Si La’eeb itu asalnya adalah kain ghutra berwarna putih bersih. Qatar dengan gentle membuat maskot bermotif mirip pocong sebagai penanda bahwa mereka sudah membunuh banyak pekerja migran dan melanggar HAM. Namun, hukum begitu licin dan lentur untuk ditegakkan di sana.
Qatar juga menampilkan Morgan Freeman, Ghanim Al-Muftah, dan pembacaan ayat Al-Quran dalam opening ceremony. Katanya, hal ini sudah menjadi simbol bahwa piala dunia Qatar menjunjung tinggi persatuan dan perdamaian. Alkohol, seks bebas, dan segala simbol LGBTQ juga dilarang. Aturan ketat khas Qatar, katanya.
Namun, ketika ada penonton Timnas Iran yang memegang jersey dengan name tag Mahsa Amini—perempuan yang ditangkap pasukan moral tentara Iran yang mengawasi implementasi peraturan hijab—sebagai bentuk protes kepada pemerintahan negaranya, justru ditertibkan oleh petugas keamanan stadion. Qatar memang tegas memerangi segala bentuk politik yang masuk ke stadion. Padahal, cara mereka melobi jadi tuan rumah piala dunia tempo lalu bisa dimasukkan dalam praktik politik global.
Di luar banyak yang menyebut bahwa Qatar menjadikan Morgan Freeman dan Ghanim Al-Muftah sebagai tameng semata. Namun, apa iya Qatar setega itu? Pasalnya, Morgan dan Ghanim tampak tulus sekali ketika menyampaikan pesan damai kepada dunia. Bahkan banyak yang menangis saat pembacaan Quran.
Piala dunia harus dirayakan, katanya. Makanya, buang saja pikiran-pikiran keruh. Karena kalau kita memelihara pikiran keruh tentang Qatar, yang muncul adalah kesedihan karena jumlah korban migran meninggal di Qatar ini setara dengan jumlah korban sebuah perang atau bencana alam skala besar.
Bangku Kosong (Mungkin) Bentuk Penghormatan Qatar untuk Korban Migran
Selain laga pembuka seperti yang sudah kita bahas di atas, Stadion Internasional Khalifa pada laga Inggris dan Iran juga sepi-sepi saja. Penonton yang menyaksikan di televisi juga bisa menyadari adanya jajaran bangku kosong di tribun yang menghadap kamera utama. Namun, alasannya cukup jelas, ada masalah akses di aplikasi FIFA Ticketing kala itu.

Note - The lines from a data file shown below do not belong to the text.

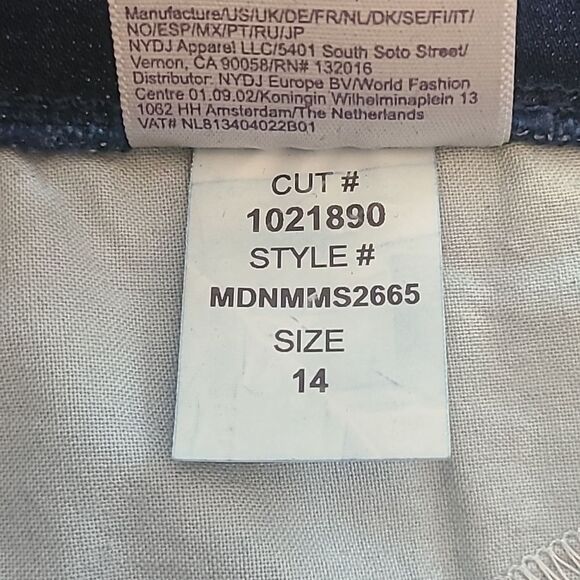 NYDJ Sculpt Her Denim Pull-On Straight Jeans Dark Blue Size 14 - Picture 15 of 16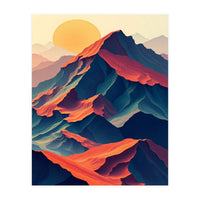 Dramatic Abstract Mountain Sunset Art (Print Only)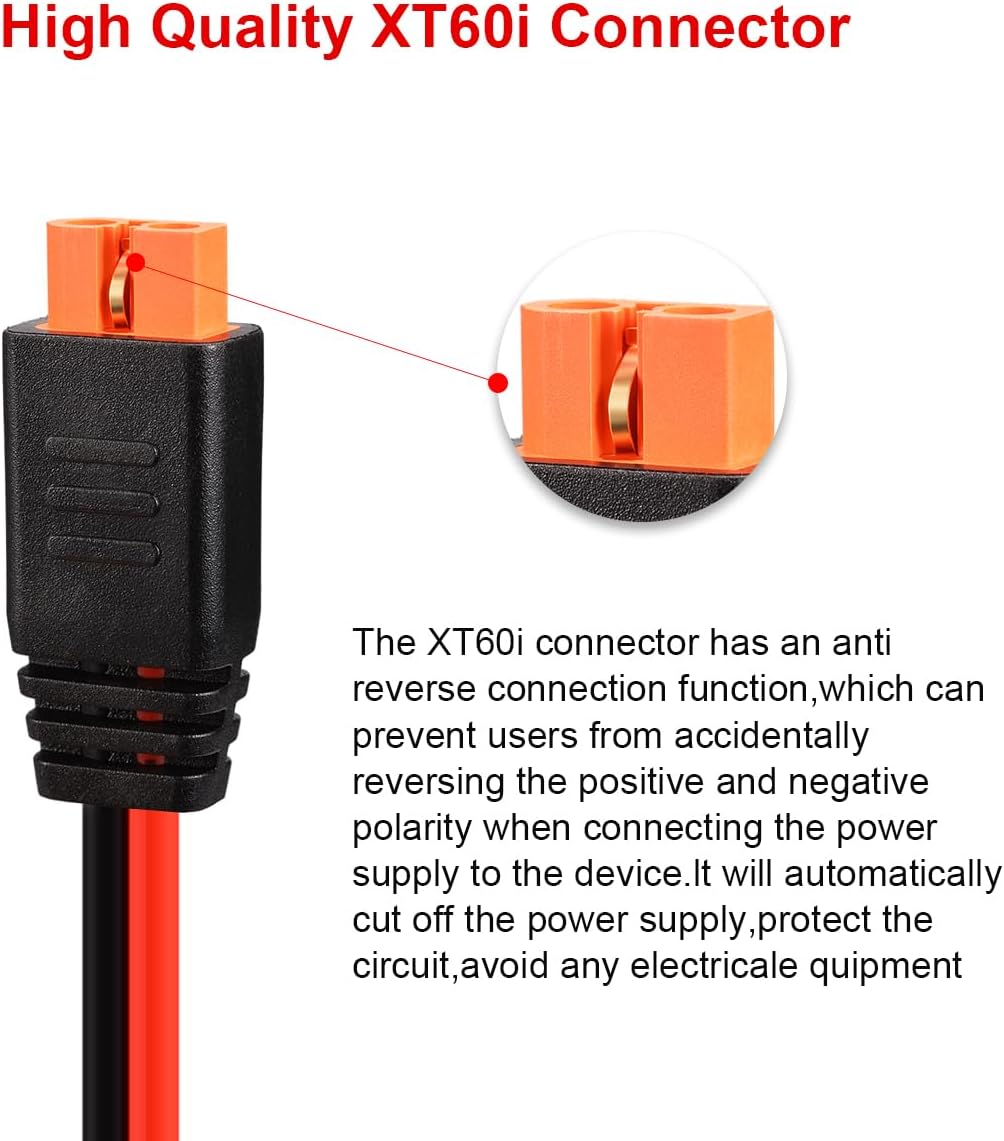 Cable carga solar XT60i 10AWG para estación energía River 600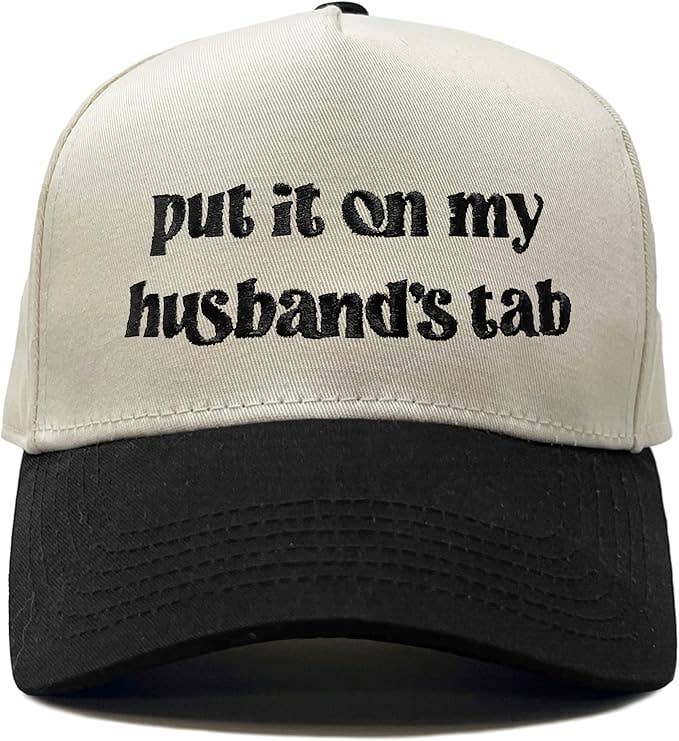 Two Tone Cap - Put It On My Husband's Tab - Black/Beige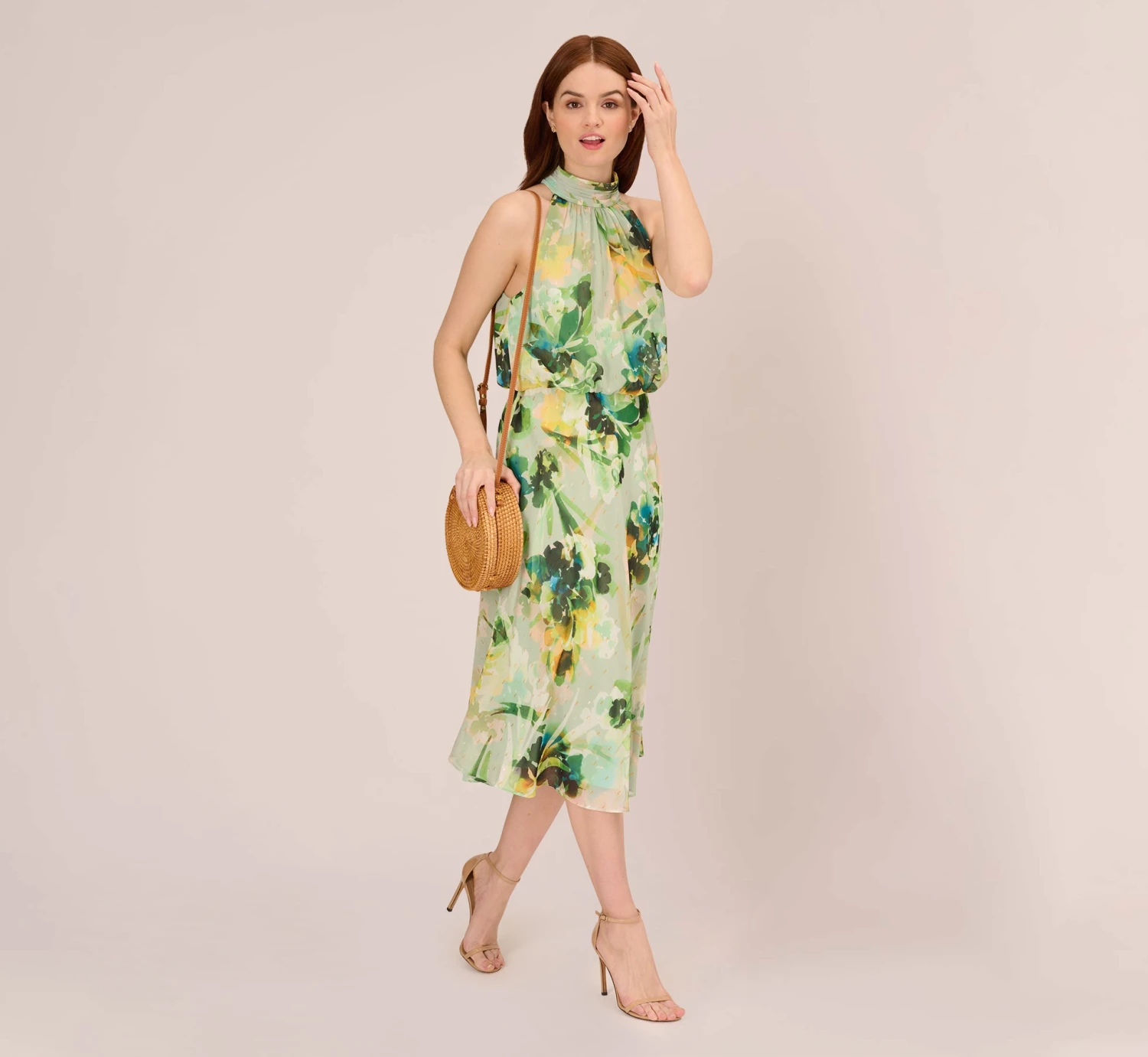 Adrianna Papell Floral Print Chiffon Halter Dress With Mock Neckline In Green Multi 2 Adrianna Papell Floral Print Chiffon Halter Dress With Mock Neckline In Green Multi - Image 2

Sepi di laga Iran kontra Inggris cukup masuk akal karena mereka adalah negara tamu. Sedangkan pemandangan di Stadion Al Bayt dalam laga antara tuan rumah melawan Ekuador cukup memilukan. Ditambah, laga diselenggarakan setelah opening ceremony.
The Guardian melaporkan bahwa ada beberapa warga Qatar yang membeli lebih dari 20 tiket pertandingan menggunakan dua akun FIFA. Tiket ini tidak dijual lagi. Warga Qatar kalau gabut ternyata tidak main catur di pos ronda, tapi beli tiket piala dunia dengan harga jutaan.
Bagi saya, dua alasan di atas tidak masuk akal. Jika masalahnya adalah ticketing, kemungkinan paling banyak dilaporkan adalah laga Amerika kontra Wales. Sebanyak 500 orang melakukan penukaran tiket di Doha Exhibition & Convention Center (DEEC). 500 orang ini tidak ada apa-apanya ketimbang jumlah bangku di Stadion Ahmad bin Ali yang berjumlah 45 ribu bangku.
FIFA mengabarkan jika jumlah penonton Qatar vs Ekuador adalah 67.372 dengan kapasitas Stadion Al-Bayt (yang sudah direnovasi) 68.895 orang. Artinya, bangku stadion hanya kosong sebanyak 1.523 bangku. Namun, dalam pantauan kamera dan siaran langsung, banyaknya penonton laga itu bisa diadu dengan jumlah penonton Persiba Bantul di Stadion Sultan Agung. Sama-sama sepi.
Apakah Qatar dan FIFA memanipulasi angka-angka ini? Oh, jelas tidak. Opini saya sih, ini justru bentuk respect Qatar kepada korban migran yang berjatuhan selama proses pembangunan stadion.
Pada Maret 2022, Nottingham Forest mengosongkan 97 kursi ketika menjamu Liverpool. 97 bangku yang dikosongkan ini merupakan jumlah korban fans Liverpool yang meninggal pada tragedi Hillsborough. Kedua tim ini pernah ketemu pada tahun 1989 dan 97 penonton meninggal karena berdesakan ketika masuk stadion.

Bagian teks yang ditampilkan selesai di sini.